═══ RECORDS TO USE ═══

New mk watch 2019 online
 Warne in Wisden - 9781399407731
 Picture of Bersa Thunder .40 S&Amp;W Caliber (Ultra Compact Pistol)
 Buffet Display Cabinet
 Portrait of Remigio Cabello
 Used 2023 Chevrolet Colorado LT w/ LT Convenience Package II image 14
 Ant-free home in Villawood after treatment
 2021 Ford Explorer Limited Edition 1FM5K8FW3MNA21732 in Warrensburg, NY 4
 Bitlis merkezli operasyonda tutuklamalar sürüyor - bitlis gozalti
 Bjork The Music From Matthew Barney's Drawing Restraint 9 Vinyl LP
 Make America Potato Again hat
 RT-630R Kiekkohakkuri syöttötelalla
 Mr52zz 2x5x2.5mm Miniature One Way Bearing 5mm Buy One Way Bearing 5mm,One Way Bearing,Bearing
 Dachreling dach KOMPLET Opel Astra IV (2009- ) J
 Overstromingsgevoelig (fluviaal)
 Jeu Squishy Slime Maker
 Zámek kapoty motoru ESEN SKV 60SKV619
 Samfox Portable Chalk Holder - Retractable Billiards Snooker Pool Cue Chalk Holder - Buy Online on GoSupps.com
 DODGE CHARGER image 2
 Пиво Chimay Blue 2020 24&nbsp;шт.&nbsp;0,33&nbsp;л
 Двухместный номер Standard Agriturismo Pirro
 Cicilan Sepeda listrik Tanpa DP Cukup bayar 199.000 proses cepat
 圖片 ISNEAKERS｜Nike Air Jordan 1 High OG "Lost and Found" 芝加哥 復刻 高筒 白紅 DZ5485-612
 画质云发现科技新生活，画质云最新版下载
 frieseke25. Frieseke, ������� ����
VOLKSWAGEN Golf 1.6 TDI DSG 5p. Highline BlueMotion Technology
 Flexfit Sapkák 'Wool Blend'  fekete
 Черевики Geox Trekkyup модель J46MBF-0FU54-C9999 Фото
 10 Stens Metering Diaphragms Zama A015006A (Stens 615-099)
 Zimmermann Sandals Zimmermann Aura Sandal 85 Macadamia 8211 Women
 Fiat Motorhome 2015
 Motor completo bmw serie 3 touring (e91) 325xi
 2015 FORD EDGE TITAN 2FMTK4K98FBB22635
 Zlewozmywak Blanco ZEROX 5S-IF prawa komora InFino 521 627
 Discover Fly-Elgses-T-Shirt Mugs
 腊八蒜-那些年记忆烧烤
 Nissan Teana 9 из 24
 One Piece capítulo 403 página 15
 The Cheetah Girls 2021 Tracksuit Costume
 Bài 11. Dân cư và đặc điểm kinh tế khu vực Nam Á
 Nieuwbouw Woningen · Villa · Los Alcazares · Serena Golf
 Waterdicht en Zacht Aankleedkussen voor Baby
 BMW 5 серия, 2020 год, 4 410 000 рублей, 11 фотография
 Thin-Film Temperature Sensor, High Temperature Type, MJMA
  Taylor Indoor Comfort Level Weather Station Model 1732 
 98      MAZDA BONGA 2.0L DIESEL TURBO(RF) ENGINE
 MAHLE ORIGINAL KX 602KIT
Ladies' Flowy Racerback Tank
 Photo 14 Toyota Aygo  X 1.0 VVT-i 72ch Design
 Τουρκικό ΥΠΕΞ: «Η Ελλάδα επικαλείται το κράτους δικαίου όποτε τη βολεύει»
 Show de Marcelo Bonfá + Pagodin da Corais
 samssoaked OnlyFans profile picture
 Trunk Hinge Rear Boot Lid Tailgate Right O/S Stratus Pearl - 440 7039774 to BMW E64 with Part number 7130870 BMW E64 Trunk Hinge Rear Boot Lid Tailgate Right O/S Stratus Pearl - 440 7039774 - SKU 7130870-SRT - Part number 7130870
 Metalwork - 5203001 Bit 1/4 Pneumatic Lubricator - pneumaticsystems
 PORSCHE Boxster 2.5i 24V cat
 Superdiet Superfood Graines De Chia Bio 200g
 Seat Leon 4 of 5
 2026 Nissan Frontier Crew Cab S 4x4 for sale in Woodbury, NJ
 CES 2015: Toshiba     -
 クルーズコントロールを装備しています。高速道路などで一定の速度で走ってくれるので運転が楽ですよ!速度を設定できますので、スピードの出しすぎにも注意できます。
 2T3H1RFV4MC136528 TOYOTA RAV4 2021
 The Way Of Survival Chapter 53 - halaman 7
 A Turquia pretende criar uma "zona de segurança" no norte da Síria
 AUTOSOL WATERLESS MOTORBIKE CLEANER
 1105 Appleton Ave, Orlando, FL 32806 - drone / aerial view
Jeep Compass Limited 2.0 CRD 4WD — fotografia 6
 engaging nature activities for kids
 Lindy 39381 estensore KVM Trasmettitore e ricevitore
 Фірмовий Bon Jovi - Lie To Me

═══

* [WHAT IS NEEDED]:
Copy every line above without changes.

* [SOLUTION TO THE EXERCISE]:
New mk watch 2019 online
 Warne in Wisden - 9781399407731
 Picture of Bersa Thunder .40 S&Amp;W Caliber (Ultra Compact Pistol)
 Buffet Display Cabinet
 Portrait of Remigio Cabello
 Used 2023 Chevrolet Colorado LT w/ LT Convenience Package II image 14
 Ant-free home in Villawood after treatment
 2021 Ford Explorer Limited Edition 1FM5K8FW3MNA21732 in Warrensburg, NY 4
 Bitlis merkezli operasyonda tutuklamalar sürüyor - bitlis gozalti
 Bjork The Music From Matthew Barney's Drawing Restraint 9 Vinyl LP
 Make America Potato Again hat
 RT-630R Kiekkohakkuri syöttötelalla
 Mr52zz 2x5x2.5mm Miniature One Way Bearing 5mm Buy One Way Bearing 5mm,One Way Bearing,Bearing
 Dachreling dach KOMPLET Opel Astra IV (2009- ) J
 Overstromingsgevoelig (fluviaal)
 Jeu Squishy Slime Maker
 Zámek kapoty motoru ESEN SKV 60SKV619
 Samfox Portable Chalk Holder - Retractable Billiards Snooker Pool Cue Chalk Holder - Buy Online on GoSupps.com
 DODGE CHARGER image 2
 Пиво Chimay Blue 2020 24&nbsp;шт.&nbsp;0,33&nbsp;л
 Двухместный номер Standard Agriturismo Pirro
 Cicilan Sepeda listrik Tanpa DP Cukup bayar 199.000 proses cepat
 圖片 ISNEAKERS｜Nike Air Jordan 1 High OG "Lost and Found" 芝加哥 復刻 高筒 白紅 DZ5485-612
 画质云发现科技新生活，画质云最新版下载
 frieseke25. Frieseke, ������� ����
VOLKSWAGEN Golf 1.6 TDI DSG 5p. Highline BlueMotion Technology
 Flexfit Sapkák 'Wool Blend'  fekete
 Черевики Geox Trekkyup модель J46MBF-0FU54-C9999 Фото
 10 Stens Metering Diaphragms Zama A015006A (Stens 615-099)
 Zimmermann Sandals Zimmermann Aura Sandal 85 Macadamia 8211 Women
 Fiat Motorhome 2015
 Motor completo bmw serie 3 touring (e91) 325xi
 2015 FORD EDGE TITAN 2FMTK4K98FBB22635
 Zlewozmywak Blanco ZEROX 5S-IF prawa komora InFino 521 627
 Discover Fly-Elgses-T-Shirt Mugs
 腊八蒜-那些年记忆烧烤
 Nissan Teana 9 из 24
 One Piece capítulo 403 página 15
 The Cheetah Girls 2021 Tracksuit Costume
 Bài 11. Dân cư và đặc điểm kinh tế khu vực Nam Á
 Nieuwbouw Woningen · Villa · Los Alcazares · Serena Golf
 Waterdicht en Zacht Aankleedkussen voor Baby
 BMW 5 серия, 2020 год, 4 410 000 рублей, 11 фотография
 Thin-Film Temperature Sensor, High Temperature Type, MJMA
  Taylor Indoor Comfort Level Weather Station Model 1732 
 98      MAZDA BONGA 2.0L DIESEL TURBO(RF) ENGINE
 MAHLE ORIGINAL KX 602KIT
Ladies' Flowy Racerback Tank
 Photo 14 Toyota Aygo  X 1.0 VVT-i 72ch Design
 Τουρκικό ΥΠΕΞ: «Η Ελλάδα επικαλείται το κράτους δικαίου όποτε τη βολεύει»
 Show de Marcelo Bonfá + Pagodin da Corais
 samssoaked OnlyFans profile picture
 Trunk Hinge Rear Boot Lid Tailgate Right O/S Stratus Pearl - 440 7039774 to BMW E64 with Part number 7130870 BMW E64 Trunk Hinge Rear Boot Lid Tailgate Right O/S Stratus Pearl - 440 7039774 - SKU 7130870-SRT - Part number 7130870
 Metalwork - 5203001 Bit 1/4 Pneumatic Lubricator - pneumaticsystems
 PORSCHE Boxster 2.5i 24V cat
 Superdiet Superfood Graines De Chia Bio 200g
 Seat Leon 4 of 5
 2026 Nissan Frontier Crew Cab S 4x4 for sale in Woodbury, NJ
 CES 2015: Toshiba     -
 クルーズコントロールを装備しています。高速道路などで一定の速度で走ってくれるので運転が楽ですよ!速度を設定できますので、スピードの出しすぎにも注意できます。
 2T3H1RFV4MC136528 TOYOTA RAV4 2021
 The Way Of Survival Chapter 53 - halaman 7
 A Turquia pretende criar uma "zona de segurança" no norte da Síria
 AUTOSOL WATERLESS MOTORBIKE CLEANER
 1105 Appleton Ave, Orlando, FL 32806 - drone / aerial view
Jeep Compass Limited 2.0 CRD 4WD — fotografia 6
 engaging nature activities for kids
 Lindy 39381 estensore KVM Trasmettitore e ricevitore
 Фірмовий Bon Jovi - Lie To Me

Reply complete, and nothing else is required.